→ **Exercise prompt**
The exact lines from the start of the material below through the line holding "alt text: Giao" are the answer; return those, pictures excluded.

→ **Stored data**
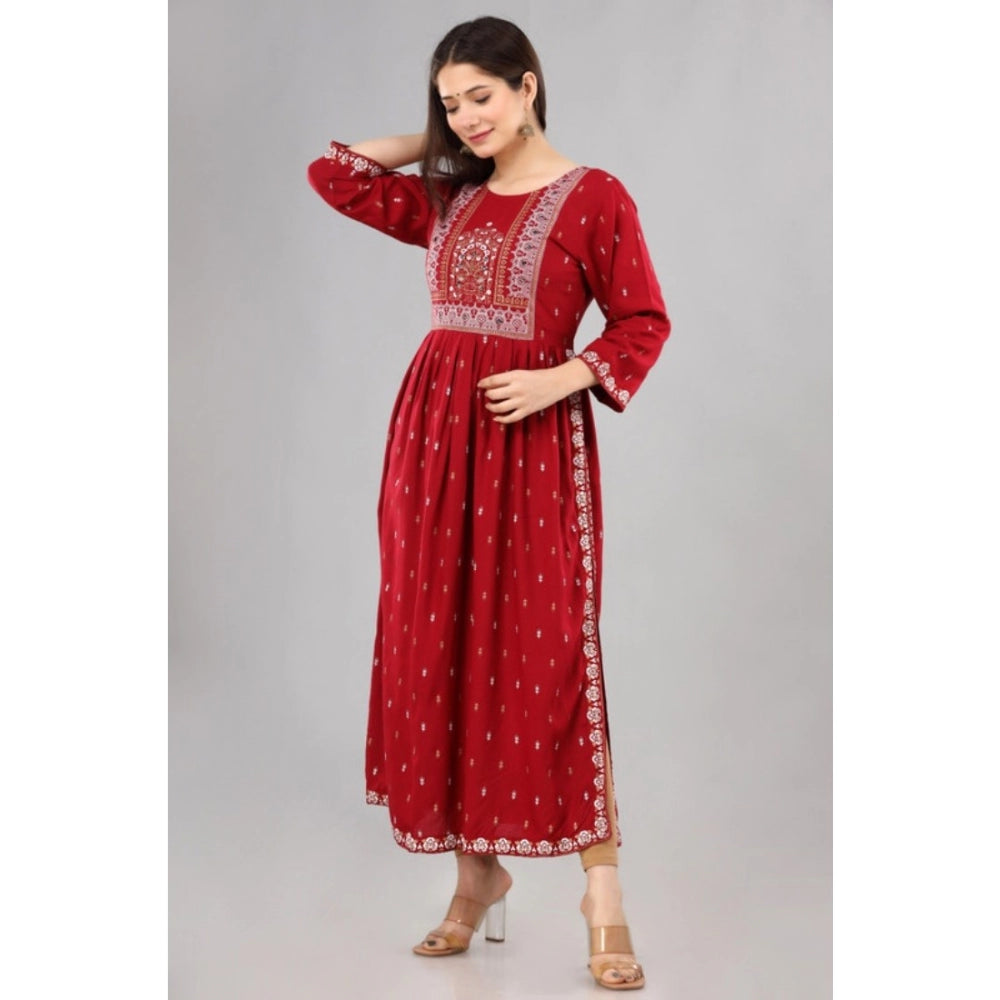 Generic Women's Casual Viscose Rayon 3-4th Sleeve Nayra Cut Kurti (Red) - Noble Nook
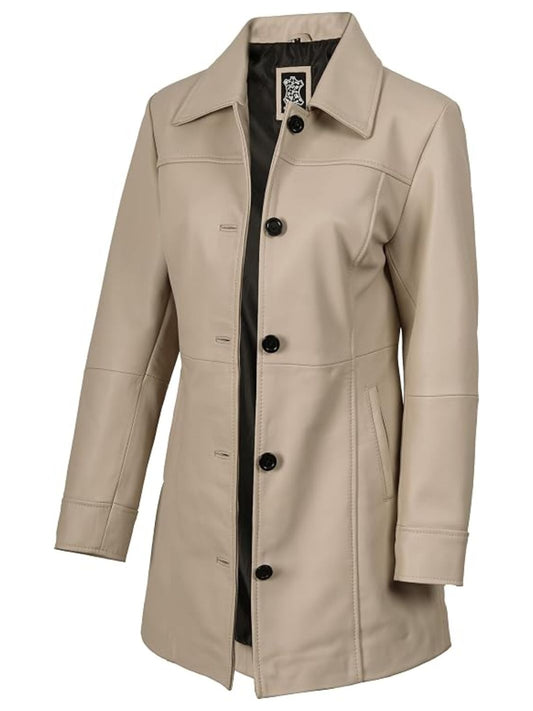 Marsha Women Shirt Collar Leather Car Coat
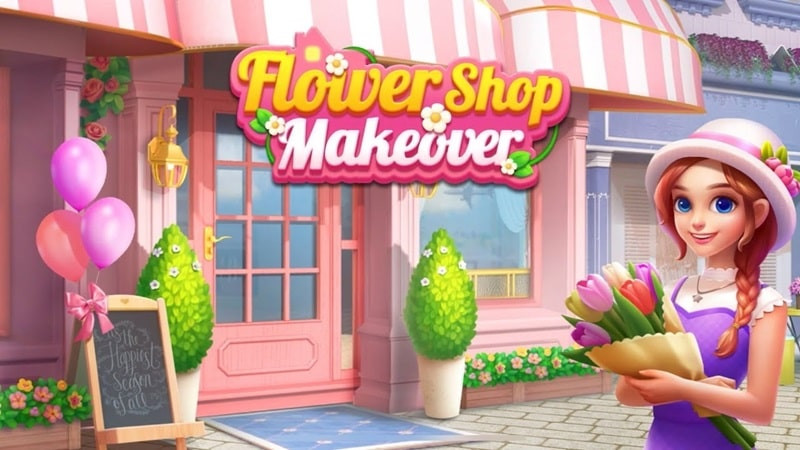 alt text: Giao diện chính của game Flower Shop Makeover, hiển thị tiệm hoa tươi sáng và rực rỡ với nhiều loại hoa khác nhau.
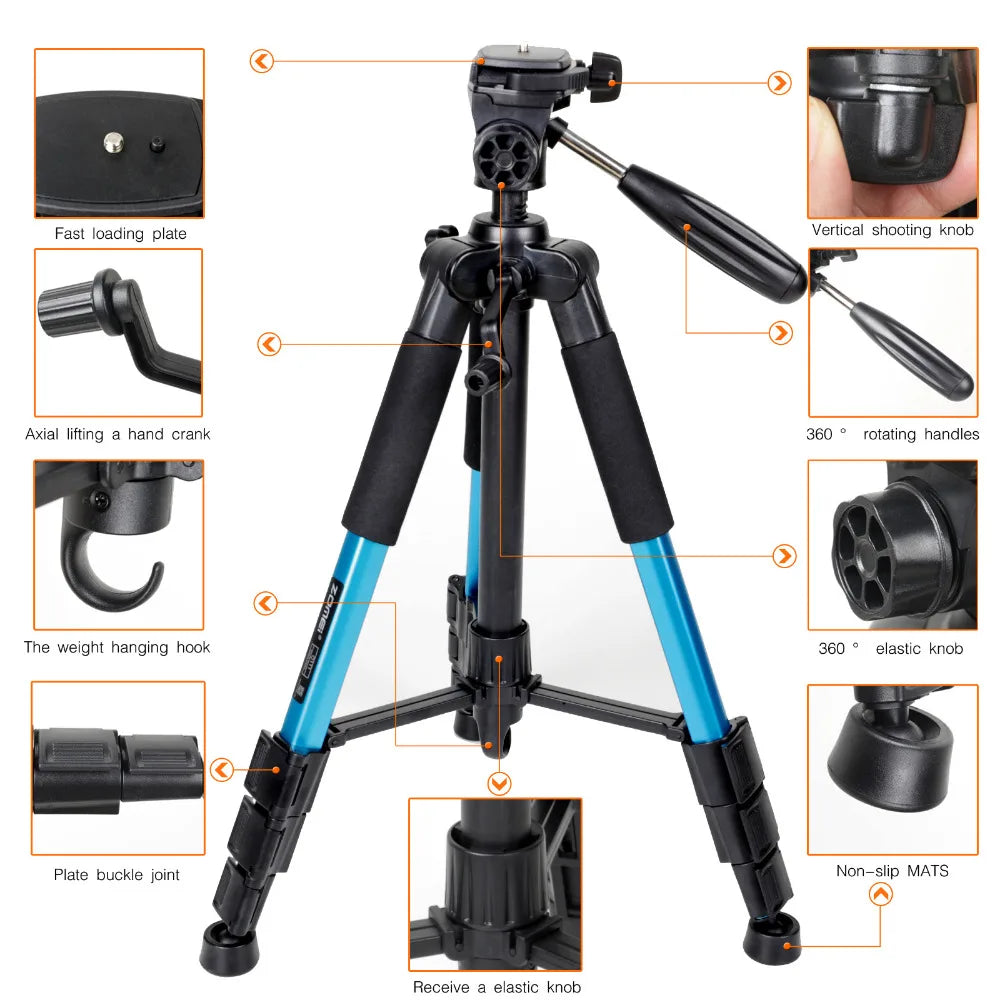 Aluminum Camera Tripod with Pan Head for DSLR Travel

→ **Exercise solution**
 Generic Women's Casual Viscose Rayon 3-4th Sleeve Nayra Cut Kurti (Red) - Noble Nook
 Marsha Women Shirt Collar Leather Car Coat
 alt text: Giao diện chính của game Flower Shop Makeover, hiển thị tiệm hoa tươi sáng và rực rỡ với nhiều loại hoa khác nhau.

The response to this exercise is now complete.